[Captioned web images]
---*---

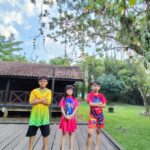 Relaxed resort set in exotic gardens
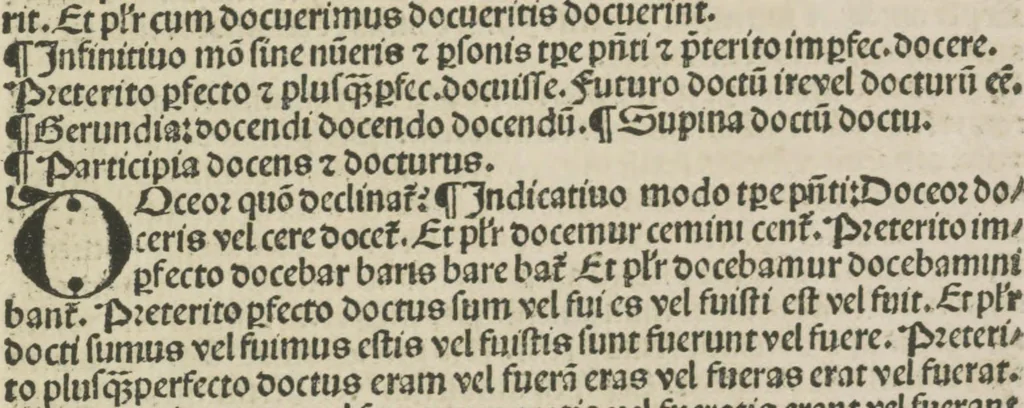 An illustration from Gra[m]matica Nicolai Perotti,, 1497, leaf 38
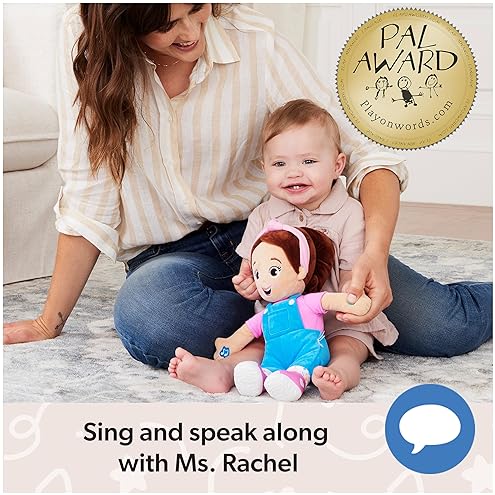 Spin Master Interactive Ms. Rachel Speak & Sing Doll - 16" Tall with Songs & Phrases - Toddler Toy for Ages 6 Months to 3+ Years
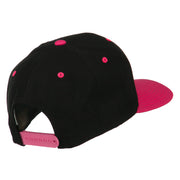 Classic Snapback Wool Blend 2 Tone Cap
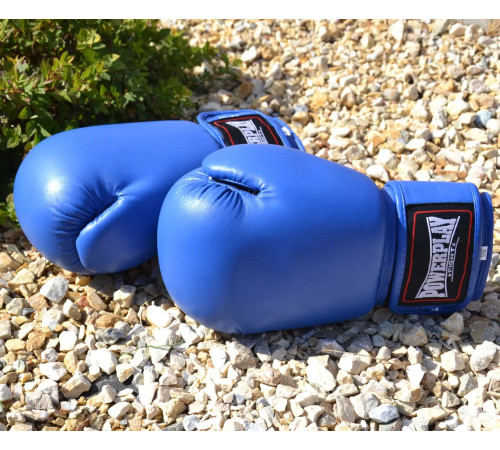 Рукавички боксерські PowerPlay 3004 Classic розміри 8 унцій, сині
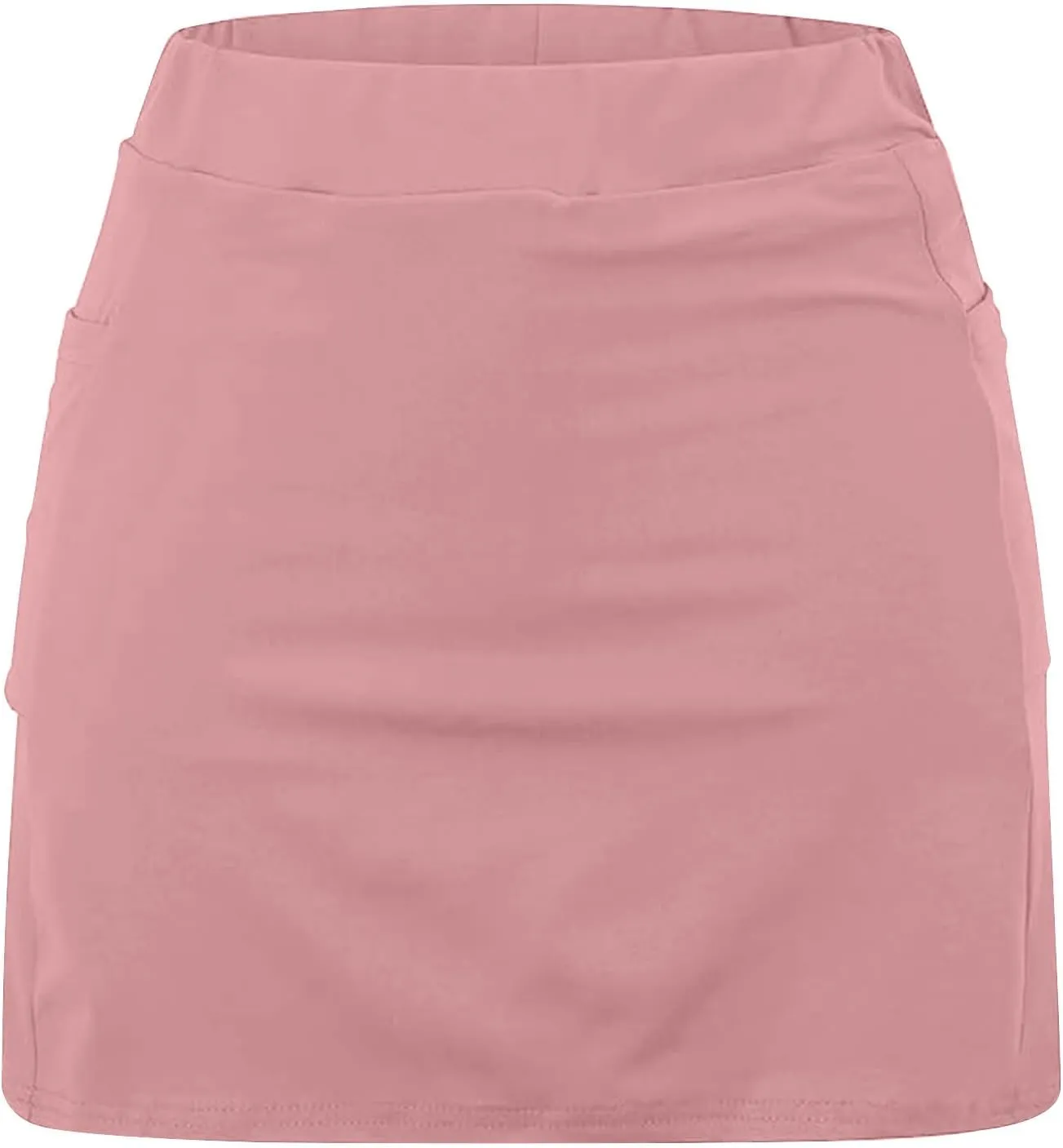 Women's Golf Skorts Color Block Skirt with Built-in Shorts Summer Tennis Athletic Skort Vacation Running Clothes 2025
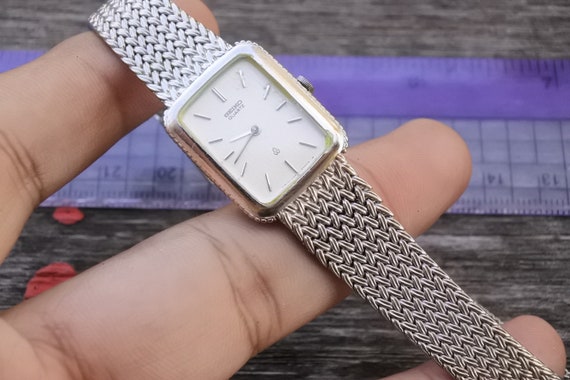 Vintage Seiko 1400 5143 Integrated Bracelet Lady Quartz Watch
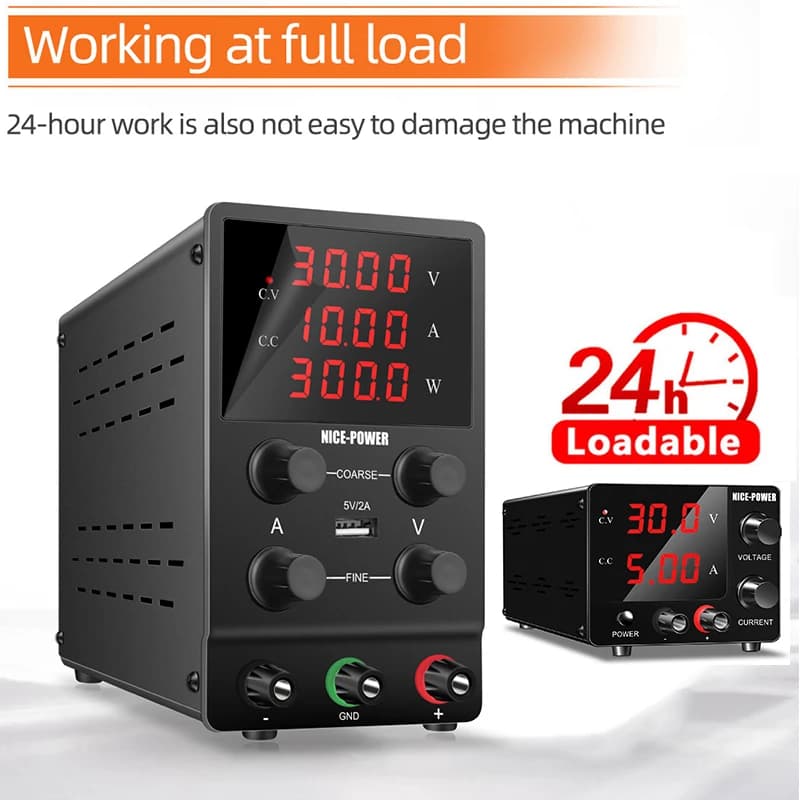 DC Lab Bench Power Supply Unit Adjustable Laboratory Power Supply Pc Power Source 30V 10A 60V 120V 20A 200V 400V Fast Shipping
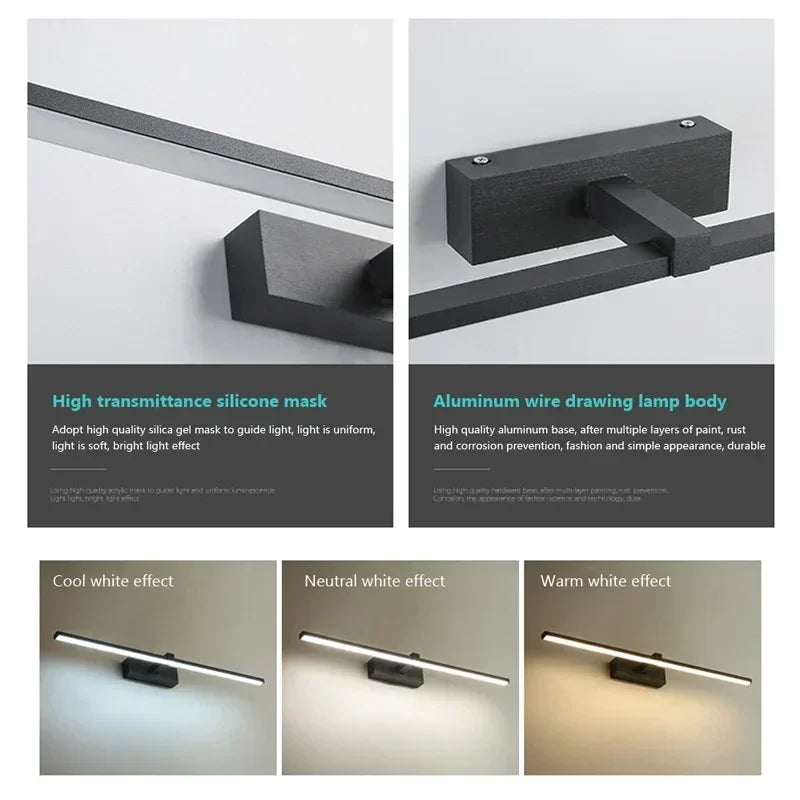 LED Spiegelleuchte fürs Badezimmer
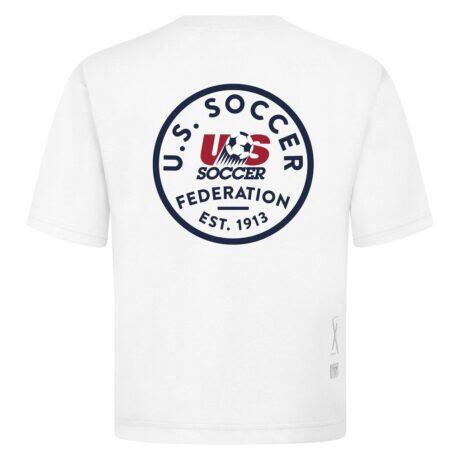 USMNT Levelwear Luxe Signature Knit Transit T-Shirt - White - Front View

---*---

### ASSIGNMENT
The expected output is an exact copy of the lines from the top of the data above through the line containing "Spin Master Interactive", both included, with every picture omitted.

### TASK OUTPUT
 Relaxed resort set in exotic gardens
 An illustration from Gra[m]matica Nicolai Perotti,, 1497, leaf 38
 Spin Master Interactive Ms. Rachel Speak & Sing Doll - 16" Tall with Songs & Phrases - Toddler Toy for Ages 6 Months to 3+ Years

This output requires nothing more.